Long-Haul Trucking Challenges
While many Americans have been order to or choose to stay home to avoid spreading the coronavirus, truckers have to be on the road. Business closures and other hazards of the coronavirus epidemic add new hazards to the demanding job of long-haul trucking.
Eating along the route
Restaurants in many states and cities have closed their doors to diners. Those that are still open are doing drive-through or takeout service only. Truckers who relied on meals to give them a break from hours behind the wheel of their tractor trailers have to eat in their trucks. Some have reported that they need to bring more of their own food with them, in case they can’t find a store or restaurant that’s open along their routes.
In addition, most drive-throughs aren’t built to accommodate semis. In many places, health laws forbid patrons from approaching drive-throughs on foot. That leaves truckers out in the cold. If you see a semi in the parking lot of a drive-through restaurant, take a moment to ask if they need help getting food to go. And, while you’re at it, #ThankATrucker for the hard work they’re doing for our country.

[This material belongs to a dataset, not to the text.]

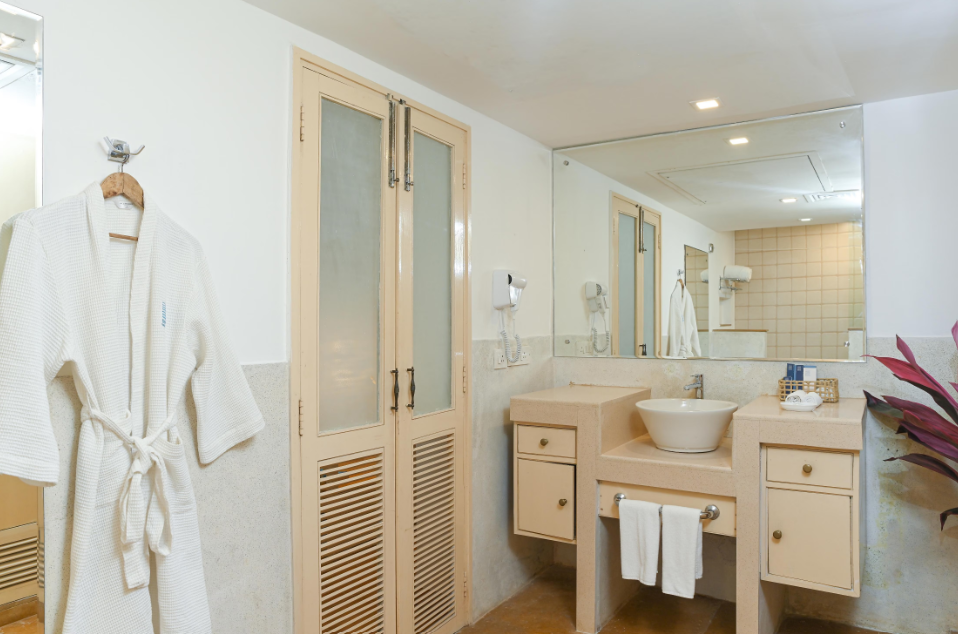 Soul Vacation Resort and Spa, Colva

Public restrooms and sanitation
Doctors believe that the coronavirus can be transmitted through human waste. Best practice is to avoid public restrooms. Unfortunately, for many long-haul truckers, this is not an option. While some semis have facilities onboard, most do not. Drivers rely on rest stops.
Most public facilities have increased their cleaning and disinfecting schedules because of the coronavirus. Because truckers come into contact with different surfaces along their route, many are also carrying their own supplies of disinfectant. It’s an added stress in a high-stress work environment.

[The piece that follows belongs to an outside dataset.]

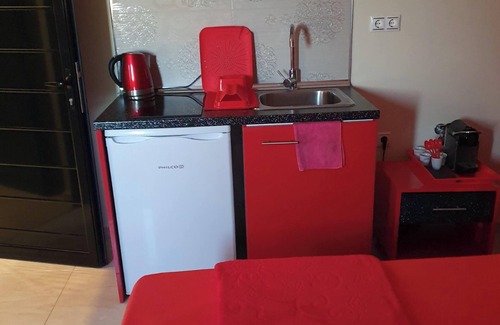 Katerini Apartment | Homerez - Apartment in Paralia
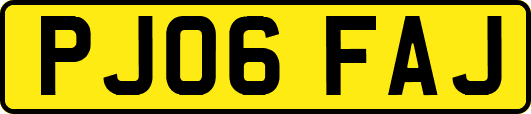 PJ06FAJ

We have all been asked to practice social distancing. While drivers are safely cocooned in the cabs of their trucks for hours on end, they have to make contact with a ride range of people along their routes. Weigh station stops, customs checks, and pickups and drop offs are logistically difficult. At those moments, it’s hard to keep the recommended 6 feet of distance and hazardous not to. Truckers are caught in the middle of this dilemma.
What You Can Do to #ThankATrucker
When you see a semi on the road, cut the driver some slack. The person behind the wheel is working hard to make sure the stores and warehouses near you have the supplies you need. For all you know that truck could be carrying medical supplies to a hospital in need.
Give tractor trailers space to change lanes when they need it. Don’t cut them off. Give a friendly wave and a thumbs up. Help them order food, if you can. Little acts of kindness like these are good ways to #ThankATrucker.